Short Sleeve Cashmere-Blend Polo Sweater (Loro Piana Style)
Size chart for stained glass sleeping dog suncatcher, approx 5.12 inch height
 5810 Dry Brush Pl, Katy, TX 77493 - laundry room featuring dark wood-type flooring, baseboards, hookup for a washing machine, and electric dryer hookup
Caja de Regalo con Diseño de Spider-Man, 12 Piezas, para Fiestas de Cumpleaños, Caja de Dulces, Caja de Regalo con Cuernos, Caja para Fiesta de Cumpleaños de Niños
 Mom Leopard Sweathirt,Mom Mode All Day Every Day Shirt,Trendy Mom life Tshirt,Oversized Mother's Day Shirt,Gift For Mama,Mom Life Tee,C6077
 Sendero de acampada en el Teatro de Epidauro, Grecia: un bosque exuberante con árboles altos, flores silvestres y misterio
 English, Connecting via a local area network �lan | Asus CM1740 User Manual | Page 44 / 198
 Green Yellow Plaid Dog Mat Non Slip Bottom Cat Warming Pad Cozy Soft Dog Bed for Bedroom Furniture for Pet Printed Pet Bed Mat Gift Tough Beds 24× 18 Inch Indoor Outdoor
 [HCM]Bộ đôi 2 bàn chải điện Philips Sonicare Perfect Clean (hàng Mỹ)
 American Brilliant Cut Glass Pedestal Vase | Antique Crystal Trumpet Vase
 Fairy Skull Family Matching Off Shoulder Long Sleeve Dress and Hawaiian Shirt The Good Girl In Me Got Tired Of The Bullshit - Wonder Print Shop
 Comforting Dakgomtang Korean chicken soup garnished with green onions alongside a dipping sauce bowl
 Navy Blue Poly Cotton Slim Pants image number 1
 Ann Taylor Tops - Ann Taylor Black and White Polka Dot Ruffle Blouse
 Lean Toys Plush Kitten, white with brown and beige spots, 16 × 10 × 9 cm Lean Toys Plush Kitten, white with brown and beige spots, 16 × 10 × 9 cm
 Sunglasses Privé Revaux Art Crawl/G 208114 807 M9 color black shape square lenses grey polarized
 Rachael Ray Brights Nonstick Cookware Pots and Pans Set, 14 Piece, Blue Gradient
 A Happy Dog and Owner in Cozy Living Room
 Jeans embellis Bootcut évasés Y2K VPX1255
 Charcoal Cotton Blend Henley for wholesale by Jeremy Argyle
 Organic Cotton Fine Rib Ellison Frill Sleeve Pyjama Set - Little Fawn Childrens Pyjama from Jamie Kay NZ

DESCRIPTION OF THE TASK> Extract all of the data above and output it character for character.

TASK RESPONSE>
Short Sleeve Cashmere-Blend Polo Sweater (Loro Piana Style)
Size chart for stained glass sleeping dog suncatcher, approx 5.12 inch height
 5810 Dry Brush Pl, Katy, TX 77493 - laundry room featuring dark wood-type flooring, baseboards, hookup for a washing machine, and electric dryer hookup
Caja de Regalo con Diseño de Spider-Man, 12 Piezas, para Fiestas de Cumpleaños, Caja de Dulces, Caja de Regalo con Cuernos, Caja para Fiesta de Cumpleaños de Niños
 Mom Leopard Sweathirt,Mom Mode All Day Every Day Shirt,Trendy Mom life Tshirt,Oversized Mother's Day Shirt,Gift For Mama,Mom Life Tee,C6077
 Sendero de acampada en el Teatro de Epidauro, Grecia: un bosque exuberante con árboles altos, flores silvestres y misterio
 English, Connecting via a local area network �lan | Asus CM1740 User Manual | Page 44 / 198
 Green Yellow Plaid Dog Mat Non Slip Bottom Cat Warming Pad Cozy Soft Dog Bed for Bedroom Furniture for Pet Printed Pet Bed Mat Gift Tough Beds 24× 18 Inch Indoor Outdoor
 [HCM]Bộ đôi 2 bàn chải điện Philips Sonicare Perfect Clean (hàng Mỹ)
 American Brilliant Cut Glass Pedestal Vase | Antique Crystal Trumpet Vase
 Fairy Skull Family Matching Off Shoulder Long Sleeve Dress and Hawaiian Shirt The Good Girl In Me Got Tired Of The Bullshit - Wonder Print Shop
 Comforting Dakgomtang Korean chicken soup garnished with green onions alongside a dipping sauce bowl
 Navy Blue Poly Cotton Slim Pants image number 1
 Ann Taylor Tops - Ann Taylor Black and White Polka Dot Ruffle Blouse
 Lean Toys Plush Kitten, white with brown and beige spots, 16 × 10 × 9 cm Lean Toys Plush Kitten, white with brown and beige spots, 16 × 10 × 9 cm
 Sunglasses Privé Revaux Art Crawl/G 208114 807 M9 color black shape square lenses grey polarized
 Rachael Ray Brights Nonstick Cookware Pots and Pans Set, 14 Piece, Blue Gradient
 A Happy Dog and Owner in Cozy Living Room
 Jeans embellis Bootcut évasés Y2K VPX1255
 Charcoal Cotton Blend Henley for wholesale by Jeremy Argyle
 Organic Cotton Fine Rib Ellison Frill Sleeve Pyjama Set - Little Fawn Childrens Pyjama from Jamie Kay NZ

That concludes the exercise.